Filed Date: 3/14/1988
Status: Precedential
Modified Date: 10/31/2024
Appeal by the defendant from two judgments of the Supreme Court, Queens County (Rotker, J.), both rendered September 30, 1985, convicting him of criminal sale of a controlled substance in the fifth degree, and criminal possession of a controlled substance in the fifth degree under indictment No. 5104/84, upon his plea of guilty, and of grand larceny in the third degree and jostling under indictment No. 3347/85, upon his plea of guilty, and imposing sentences.
Ordered that the judgments are affirmed.
The Supreme Court properly denied the defendant’s motion to withdraw his guilty pleas. The defendant’s sole ground for seeking vacatur of the pleas was that he had been improperly adjudicated a second felony offender. As this claim had no connection to the validity of the guilty pleas, there was no legal basis for granting the motion.

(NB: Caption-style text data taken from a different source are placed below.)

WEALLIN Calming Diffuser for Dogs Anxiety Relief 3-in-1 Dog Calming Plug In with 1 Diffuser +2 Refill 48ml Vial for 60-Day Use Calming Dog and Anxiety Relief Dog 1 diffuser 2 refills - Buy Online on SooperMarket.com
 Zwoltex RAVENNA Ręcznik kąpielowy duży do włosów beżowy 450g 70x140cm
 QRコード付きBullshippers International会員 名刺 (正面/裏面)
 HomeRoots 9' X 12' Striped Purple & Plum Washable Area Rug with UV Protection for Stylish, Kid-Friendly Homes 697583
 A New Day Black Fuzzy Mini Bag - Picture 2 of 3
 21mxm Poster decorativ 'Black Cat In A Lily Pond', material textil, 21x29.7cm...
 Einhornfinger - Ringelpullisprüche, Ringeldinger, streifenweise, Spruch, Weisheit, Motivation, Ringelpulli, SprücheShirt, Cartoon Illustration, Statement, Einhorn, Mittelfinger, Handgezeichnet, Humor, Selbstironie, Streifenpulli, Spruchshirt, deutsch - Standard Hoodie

Similarly, the Supreme Court properly declined to hold a hearing concerning the defendant’s status as a second felony offender. The defendant admitted that he had previously been adjudicated a second felony offender and that he did not appeal or otherwise challenge that finding. Therefore, pursuant to CPL 400.21 (8), the prior finding was binding at the sentencing in this case, and the issues raised were not open for review (People v Loughlin, 66 NY2d 633, 636, rearg denied 66 NY2d 916; People v Morcilio, 91 AD2d 1074). Thompson, J. P., Bracken, Brown, Weinstein and Spatt, JJ., concur.